The importance of failure theories in assessing crisis management: The Columbia space shuttle disaster revisited

This was a real banger – it discussed the NASA Challenger and Columbia investigation reports in the context of social theories of disaster, namely Normal Accident Theory (NAT), and High Reliability Theory (HRT).

It took a critical view of whether it was fair to apply NAT and/or HRT to NASA in hindsight by the Columbia Accident Investigation Board (CAIB). They argue that “how hindsight biases and selective use of social science theory gave rise to a suggestive and convincing – but not necessarily correct – assessment of NASA’s role in the Columbia space shuttle disaster” .

Moreover, the CAIB “identified NASA’s organizational culture and safety system as a primary source of failure. The CAIB report reads as a stunning indictment of organizational incompetence: the organization that thrilled the world with the Apollo project had ‘‘lost’’ its safety culture and failed to prevent a preventable disaster”. Nevertheless, these authors argue that “CAIB findings do not sit well with the insights of these [NAT & HRT] schools”.

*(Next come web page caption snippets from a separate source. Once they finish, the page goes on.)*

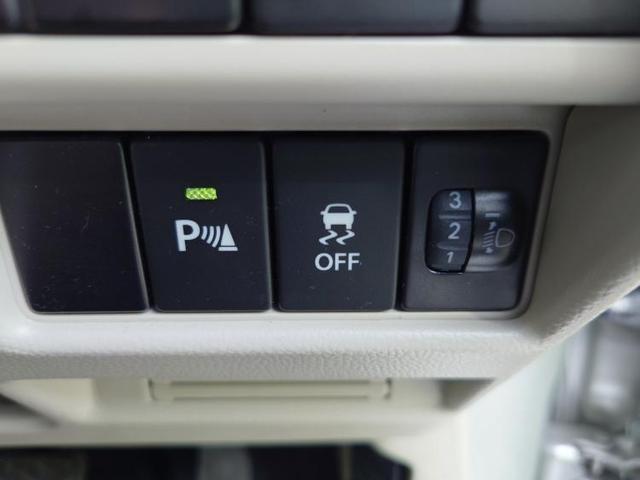 ハイブリッドFX セーフティサポート(スズキ)/シートヒーター 運転席/EBD付ABS/横滑り防止装置/アイドリングストップ/パワーウインドウ/エンジンスタートボタン/スマートキー/オートエアコン/パワーステアリング(11枚目)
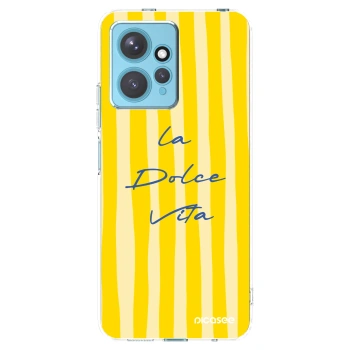 Picasee διαφανής θήκη σιλικόνης Xiaomi Redmi Note 12 4G - Ladolcevita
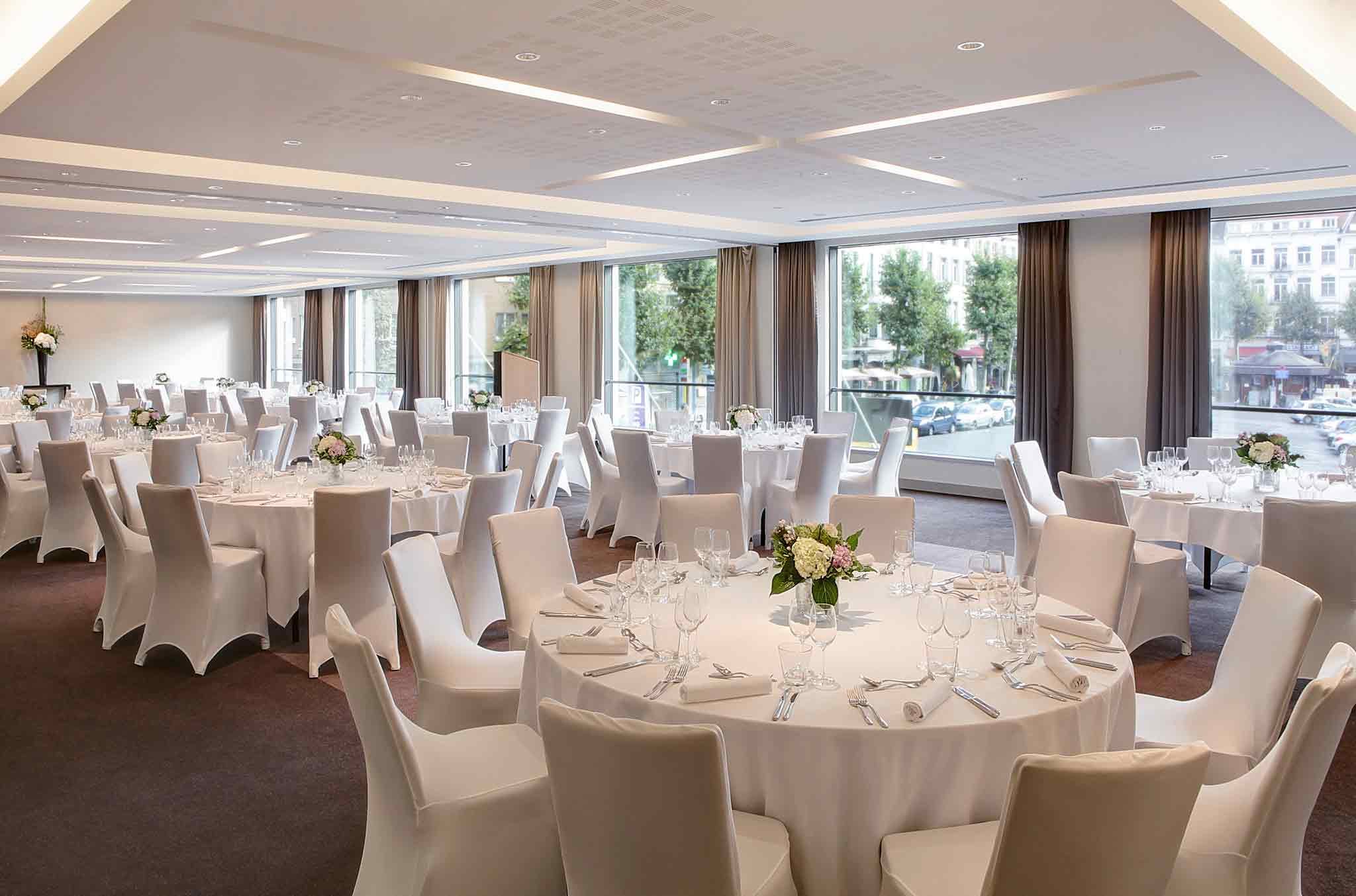 Sofitel Brussels Europe by null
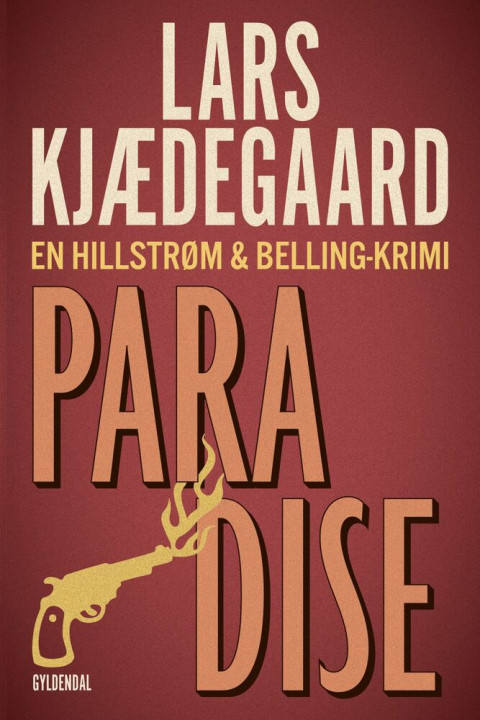 Omslag: Paradise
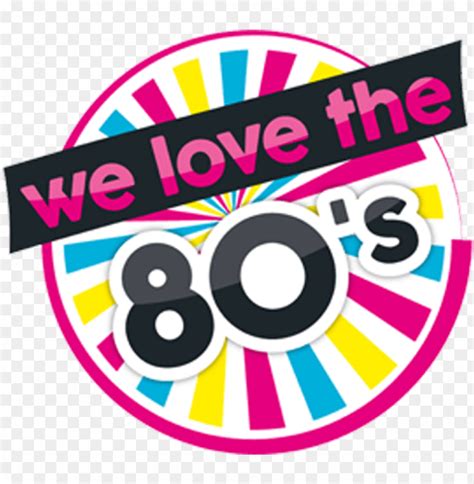 we love the 80s 2016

Can’t do this justice – I recommend you check out the whole paper. I don’t necessarily agree that they have convincingly disputed the CAIB’s findings per se, but I agree with their points about unfair post-hoc comparisons to lofty HRTs and other points.

Results

They say that following disasters, social theories are used to held public inquiries and make sense of the event. Despite the utility, this “increased use underlines the relevance of social scientists and their work, it conceals the actual state of the art in this field: these theories have not been tested against a large (or really any) number of cases”

And “Using untested or maybe even faulty theories to assess the performance of organizations and the people that work in them may have serious consequences”.

An example is NASA pre and post Columbia disaster, and how the CAIB pointed out the ways NASA had failed. They reported that the causes were the same 17 years prior as with Challenger. For instance the Rogers Commission “criticized NASA for not responding adequately to ‘internal’ warnings about the impending disaster”; issues like “flawed decision-making processes, a lack of safety considerations and bureau-political tensions between the various centers that, together, make up NASA and provide the organizational infrastructure that ultimately allows the Shuttle to fly”.

The CAIB “arrived at such a resolute and damaging assessment using social science theories”.

The CAIB went beyond technical factors, beyond the foam and thermal protection systems, concluding that “NASA’s safety system had failed. CAIB arrived at this far-reaching conclusion by applying ‘‘high reliability theory’’ to analyze the causes of this disaster”.

According to CAIB, NASA’s purported organisational issues bled into:

· an acceptance of escalated risk: NASA operated “what it considered a deeply flawed risk philosophy”, driven by a philosophy preventing NASA from properly investigating anomalies from prior flights; e.g. “with no engineering analysis, Shuttle managers used past success as a justification for future flights’’ .

· Flawed decision-making: The Rogers Commission criticised NASA’s decision-making system which ‘‘did not flag rising doubts’’ among the workforce with regard to the safety of the shuttle”

· A broken safety culture: “Both commissions were deeply critical of NASA’s safety culture” and NASA had “‘lost’’ its safety program”.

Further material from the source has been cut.